Nous avons donc affaire, en réalité, à deux questions bien distinctes, celle des transsexuels, qui transforment leur corps conformément à leur identité expressive de genre, et celle des transgenres, qui adoptent simplement les manières de penser, sentir, désirer et faire caractéristiques du genre opposé à celui dont la nature leur a fait don. Concernant les transgenres, les analyses d’Habib devraient être complétées par une enquête d’anthropologie comparative. Les anthropologues sont en effet beaucoup moins susceptibles que nous ne le sommes d’être surpris par ce qui, aujourd’hui, survient en cette matière dans nos sociétés. Il conviendrait donc de se décentrer en effectuant le détour par ces sociétés très différentes des nôtres dans lesquelles les ethnologues ont régulièrement observé des assignations de genre contraires aux attributs naturels de sexe. L’auteur en cite en passant deux exemples   , mais c’est un travail de fond, déjà entamé au demeurant, qui est ici indispensable pour appréhender plus clairement le pouvoir instituant de ce que Castoriadis appelait « l’imaginaire social », sa marge de manœuvre à l’égard de la nature et la plasticité de cette dernière entre les mains de l’esprit humain. Ce qui semble cependant étranger aux sociétés premières ou traditionnelles, c’est la prétention illusoire de l’individu à opposer la subjectivité de son monde privé aux institutions communes. On pourrait aussi reprocher à Habib de s’attacher trop exclusivement aux identités substantielles de genre sans prendre en compte la conception relationnelle, structurale, des genres développée par Irène Théry   . Enfin, elle fait aussi l’impasse sur la théorie psychanalytique de la bisexualité, qu’elle soit conçue, par Fliess, comme constitutive biologiquement de tout individu ou, par Freud, comme conflit psychique entre des pulsions contraires.

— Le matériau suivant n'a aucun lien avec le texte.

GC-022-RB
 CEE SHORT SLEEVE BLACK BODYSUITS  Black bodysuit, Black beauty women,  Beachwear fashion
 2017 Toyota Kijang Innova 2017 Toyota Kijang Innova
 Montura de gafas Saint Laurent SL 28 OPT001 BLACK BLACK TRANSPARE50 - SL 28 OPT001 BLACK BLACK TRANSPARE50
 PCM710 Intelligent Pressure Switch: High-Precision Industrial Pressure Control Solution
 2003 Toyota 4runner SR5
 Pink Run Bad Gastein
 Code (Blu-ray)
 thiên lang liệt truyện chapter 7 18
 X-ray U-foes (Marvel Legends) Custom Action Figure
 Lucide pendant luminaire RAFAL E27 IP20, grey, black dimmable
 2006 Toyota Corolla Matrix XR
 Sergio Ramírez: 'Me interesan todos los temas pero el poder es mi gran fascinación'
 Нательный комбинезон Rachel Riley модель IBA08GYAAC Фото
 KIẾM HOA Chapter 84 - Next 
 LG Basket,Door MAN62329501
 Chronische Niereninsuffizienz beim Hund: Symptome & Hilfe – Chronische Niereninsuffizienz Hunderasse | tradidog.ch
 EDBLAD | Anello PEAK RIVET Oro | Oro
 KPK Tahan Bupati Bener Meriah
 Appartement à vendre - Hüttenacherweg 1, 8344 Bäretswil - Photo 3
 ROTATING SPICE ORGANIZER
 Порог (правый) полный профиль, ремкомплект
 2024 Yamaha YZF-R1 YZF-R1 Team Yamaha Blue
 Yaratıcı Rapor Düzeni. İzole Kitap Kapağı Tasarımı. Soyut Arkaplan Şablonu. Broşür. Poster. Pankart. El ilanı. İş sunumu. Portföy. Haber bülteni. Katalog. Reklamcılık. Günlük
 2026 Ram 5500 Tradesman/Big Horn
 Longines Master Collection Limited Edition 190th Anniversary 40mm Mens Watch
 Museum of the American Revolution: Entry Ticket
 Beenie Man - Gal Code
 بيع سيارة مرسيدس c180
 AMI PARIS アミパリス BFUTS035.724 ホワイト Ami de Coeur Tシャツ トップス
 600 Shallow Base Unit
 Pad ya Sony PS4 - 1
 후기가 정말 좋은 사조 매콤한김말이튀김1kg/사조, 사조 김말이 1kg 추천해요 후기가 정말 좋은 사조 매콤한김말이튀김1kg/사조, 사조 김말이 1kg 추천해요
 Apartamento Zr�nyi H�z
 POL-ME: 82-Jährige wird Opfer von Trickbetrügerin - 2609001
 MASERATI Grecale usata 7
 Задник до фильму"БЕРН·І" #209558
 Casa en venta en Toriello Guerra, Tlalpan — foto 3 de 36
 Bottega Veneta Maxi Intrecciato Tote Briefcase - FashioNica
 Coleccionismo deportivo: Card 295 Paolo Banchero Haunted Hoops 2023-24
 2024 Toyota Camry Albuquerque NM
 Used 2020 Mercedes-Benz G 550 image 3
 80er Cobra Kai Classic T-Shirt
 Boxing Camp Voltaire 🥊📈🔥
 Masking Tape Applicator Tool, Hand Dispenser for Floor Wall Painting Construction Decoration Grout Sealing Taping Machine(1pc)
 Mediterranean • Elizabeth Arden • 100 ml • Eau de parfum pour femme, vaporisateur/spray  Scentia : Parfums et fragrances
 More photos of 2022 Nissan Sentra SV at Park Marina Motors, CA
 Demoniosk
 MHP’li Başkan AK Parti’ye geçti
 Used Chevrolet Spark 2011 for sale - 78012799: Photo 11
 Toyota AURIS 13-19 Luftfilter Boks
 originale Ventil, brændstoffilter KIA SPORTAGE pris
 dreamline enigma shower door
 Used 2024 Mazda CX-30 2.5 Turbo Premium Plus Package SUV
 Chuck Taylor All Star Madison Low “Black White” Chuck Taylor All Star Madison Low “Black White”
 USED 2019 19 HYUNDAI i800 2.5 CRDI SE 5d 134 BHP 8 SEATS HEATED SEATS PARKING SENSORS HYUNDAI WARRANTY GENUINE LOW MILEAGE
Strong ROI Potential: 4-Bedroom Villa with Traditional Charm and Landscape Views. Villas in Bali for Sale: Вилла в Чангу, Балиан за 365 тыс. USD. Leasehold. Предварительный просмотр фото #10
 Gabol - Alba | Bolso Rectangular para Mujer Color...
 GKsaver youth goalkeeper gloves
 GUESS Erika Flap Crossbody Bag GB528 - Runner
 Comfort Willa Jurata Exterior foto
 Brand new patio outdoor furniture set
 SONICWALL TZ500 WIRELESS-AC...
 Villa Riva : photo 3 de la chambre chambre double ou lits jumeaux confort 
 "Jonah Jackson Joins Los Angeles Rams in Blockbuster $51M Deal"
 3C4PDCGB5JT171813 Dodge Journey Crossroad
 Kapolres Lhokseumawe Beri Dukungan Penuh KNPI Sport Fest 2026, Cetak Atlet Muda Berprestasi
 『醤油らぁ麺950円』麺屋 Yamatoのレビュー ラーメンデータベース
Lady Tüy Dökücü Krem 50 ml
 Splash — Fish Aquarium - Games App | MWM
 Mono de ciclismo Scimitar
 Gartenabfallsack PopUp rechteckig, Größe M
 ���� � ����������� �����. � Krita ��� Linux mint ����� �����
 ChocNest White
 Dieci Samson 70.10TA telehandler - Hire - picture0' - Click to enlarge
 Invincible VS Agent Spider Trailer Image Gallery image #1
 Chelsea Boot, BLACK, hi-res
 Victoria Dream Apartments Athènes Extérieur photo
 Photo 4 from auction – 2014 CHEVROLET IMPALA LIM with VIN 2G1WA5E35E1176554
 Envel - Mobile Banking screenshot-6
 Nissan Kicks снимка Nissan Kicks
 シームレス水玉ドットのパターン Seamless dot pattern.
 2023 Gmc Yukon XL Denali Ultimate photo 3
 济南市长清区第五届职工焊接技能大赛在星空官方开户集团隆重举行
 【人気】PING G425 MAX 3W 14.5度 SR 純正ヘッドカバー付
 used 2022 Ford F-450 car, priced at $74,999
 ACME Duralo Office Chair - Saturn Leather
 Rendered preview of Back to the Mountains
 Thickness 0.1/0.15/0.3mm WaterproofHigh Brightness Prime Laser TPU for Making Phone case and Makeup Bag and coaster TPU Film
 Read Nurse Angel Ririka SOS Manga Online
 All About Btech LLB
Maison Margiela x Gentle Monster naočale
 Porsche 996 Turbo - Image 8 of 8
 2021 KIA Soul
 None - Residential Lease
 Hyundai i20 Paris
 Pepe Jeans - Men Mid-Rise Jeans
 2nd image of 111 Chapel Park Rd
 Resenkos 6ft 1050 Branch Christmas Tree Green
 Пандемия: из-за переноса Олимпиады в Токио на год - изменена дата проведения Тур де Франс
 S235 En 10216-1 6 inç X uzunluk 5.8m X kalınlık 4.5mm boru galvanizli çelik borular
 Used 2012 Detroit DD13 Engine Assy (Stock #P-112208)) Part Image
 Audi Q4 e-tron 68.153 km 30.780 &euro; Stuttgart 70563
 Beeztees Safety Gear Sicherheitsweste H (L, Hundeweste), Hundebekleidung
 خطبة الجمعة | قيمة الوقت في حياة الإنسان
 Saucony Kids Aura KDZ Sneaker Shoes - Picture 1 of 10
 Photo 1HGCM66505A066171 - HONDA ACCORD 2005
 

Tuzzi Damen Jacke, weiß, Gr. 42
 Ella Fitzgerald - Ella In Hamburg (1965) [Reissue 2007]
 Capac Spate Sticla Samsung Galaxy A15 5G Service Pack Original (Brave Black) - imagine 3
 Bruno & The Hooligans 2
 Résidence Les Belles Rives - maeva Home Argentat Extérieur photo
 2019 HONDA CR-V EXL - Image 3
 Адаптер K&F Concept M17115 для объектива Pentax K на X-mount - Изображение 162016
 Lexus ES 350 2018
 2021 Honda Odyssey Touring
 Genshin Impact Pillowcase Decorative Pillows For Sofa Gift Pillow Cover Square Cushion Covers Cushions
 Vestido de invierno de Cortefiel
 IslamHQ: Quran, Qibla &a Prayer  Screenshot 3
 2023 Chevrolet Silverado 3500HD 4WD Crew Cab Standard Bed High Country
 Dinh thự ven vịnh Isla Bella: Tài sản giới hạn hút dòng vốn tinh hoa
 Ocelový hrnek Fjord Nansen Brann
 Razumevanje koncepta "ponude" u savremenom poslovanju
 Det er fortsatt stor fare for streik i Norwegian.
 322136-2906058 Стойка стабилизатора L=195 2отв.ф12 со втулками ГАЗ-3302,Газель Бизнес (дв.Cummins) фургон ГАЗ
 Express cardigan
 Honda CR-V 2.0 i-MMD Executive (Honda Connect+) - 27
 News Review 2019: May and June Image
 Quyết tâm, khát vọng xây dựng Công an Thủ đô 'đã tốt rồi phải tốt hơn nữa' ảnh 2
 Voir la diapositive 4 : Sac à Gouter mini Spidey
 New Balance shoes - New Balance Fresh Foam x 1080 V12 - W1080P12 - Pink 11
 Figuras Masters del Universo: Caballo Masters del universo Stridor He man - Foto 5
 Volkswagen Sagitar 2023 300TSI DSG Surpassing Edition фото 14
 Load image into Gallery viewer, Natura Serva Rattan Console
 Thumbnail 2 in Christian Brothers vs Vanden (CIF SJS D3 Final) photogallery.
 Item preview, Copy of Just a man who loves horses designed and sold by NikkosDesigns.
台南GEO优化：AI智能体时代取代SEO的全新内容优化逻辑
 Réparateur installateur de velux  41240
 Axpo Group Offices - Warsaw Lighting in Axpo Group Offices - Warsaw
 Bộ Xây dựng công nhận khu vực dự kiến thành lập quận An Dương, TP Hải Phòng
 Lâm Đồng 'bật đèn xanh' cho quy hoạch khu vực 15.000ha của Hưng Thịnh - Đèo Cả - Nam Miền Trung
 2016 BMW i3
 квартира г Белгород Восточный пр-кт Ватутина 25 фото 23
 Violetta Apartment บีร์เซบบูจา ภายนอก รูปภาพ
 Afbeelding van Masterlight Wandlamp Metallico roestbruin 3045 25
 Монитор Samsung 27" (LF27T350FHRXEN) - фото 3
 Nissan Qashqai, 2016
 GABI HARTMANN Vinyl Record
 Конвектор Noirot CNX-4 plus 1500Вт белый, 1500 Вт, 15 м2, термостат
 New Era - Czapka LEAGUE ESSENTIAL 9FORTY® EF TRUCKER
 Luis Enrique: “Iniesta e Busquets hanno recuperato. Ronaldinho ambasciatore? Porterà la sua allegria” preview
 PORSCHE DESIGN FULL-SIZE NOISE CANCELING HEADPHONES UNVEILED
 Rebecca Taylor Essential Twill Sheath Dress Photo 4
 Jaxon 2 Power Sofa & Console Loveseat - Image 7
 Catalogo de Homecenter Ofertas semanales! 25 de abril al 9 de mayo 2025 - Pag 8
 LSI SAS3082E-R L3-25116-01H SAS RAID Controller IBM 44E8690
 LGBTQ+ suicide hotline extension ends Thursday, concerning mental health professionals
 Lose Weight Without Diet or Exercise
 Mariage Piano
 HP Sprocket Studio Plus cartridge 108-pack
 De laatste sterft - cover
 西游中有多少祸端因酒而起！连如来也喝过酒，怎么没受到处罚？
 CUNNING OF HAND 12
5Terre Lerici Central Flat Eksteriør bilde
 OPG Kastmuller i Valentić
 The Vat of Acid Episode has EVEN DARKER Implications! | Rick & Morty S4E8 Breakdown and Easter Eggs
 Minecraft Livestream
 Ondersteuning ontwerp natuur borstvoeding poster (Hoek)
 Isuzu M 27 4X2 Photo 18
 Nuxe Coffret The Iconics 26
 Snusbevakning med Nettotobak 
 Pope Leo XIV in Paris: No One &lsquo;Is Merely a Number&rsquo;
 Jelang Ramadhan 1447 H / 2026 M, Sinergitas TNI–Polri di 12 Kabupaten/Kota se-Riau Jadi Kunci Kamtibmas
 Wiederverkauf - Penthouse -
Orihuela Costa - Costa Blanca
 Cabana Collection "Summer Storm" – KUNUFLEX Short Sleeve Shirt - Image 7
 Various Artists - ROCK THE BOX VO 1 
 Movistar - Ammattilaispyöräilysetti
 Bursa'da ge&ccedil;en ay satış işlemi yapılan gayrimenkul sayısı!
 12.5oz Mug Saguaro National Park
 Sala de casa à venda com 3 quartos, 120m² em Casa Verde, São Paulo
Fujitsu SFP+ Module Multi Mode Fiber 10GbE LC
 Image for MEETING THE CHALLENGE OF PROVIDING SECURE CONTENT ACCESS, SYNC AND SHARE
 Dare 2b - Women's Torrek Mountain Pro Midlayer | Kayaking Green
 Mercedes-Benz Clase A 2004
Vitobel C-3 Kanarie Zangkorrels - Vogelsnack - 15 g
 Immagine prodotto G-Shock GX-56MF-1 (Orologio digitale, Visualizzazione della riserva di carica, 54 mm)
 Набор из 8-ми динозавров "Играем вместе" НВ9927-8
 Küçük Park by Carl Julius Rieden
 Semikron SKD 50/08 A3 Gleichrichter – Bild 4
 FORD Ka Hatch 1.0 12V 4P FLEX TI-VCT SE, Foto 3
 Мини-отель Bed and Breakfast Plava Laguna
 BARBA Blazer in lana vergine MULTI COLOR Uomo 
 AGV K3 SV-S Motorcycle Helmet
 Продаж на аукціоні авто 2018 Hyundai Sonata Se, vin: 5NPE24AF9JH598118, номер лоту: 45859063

L’essai de Claude Habib est, d’une manière générale, fort stimulant et il est on ne peut mieux venu dans un espace public envahi par les plaintes et les revendications d’une minorité très combative. S’il ne clôt certainement pas la discussion raisonnable sur le sujet, il fait entendre une voix, celle du sens commun, qui est aussi, probablement, celle de la majorité silencieuse à son propos.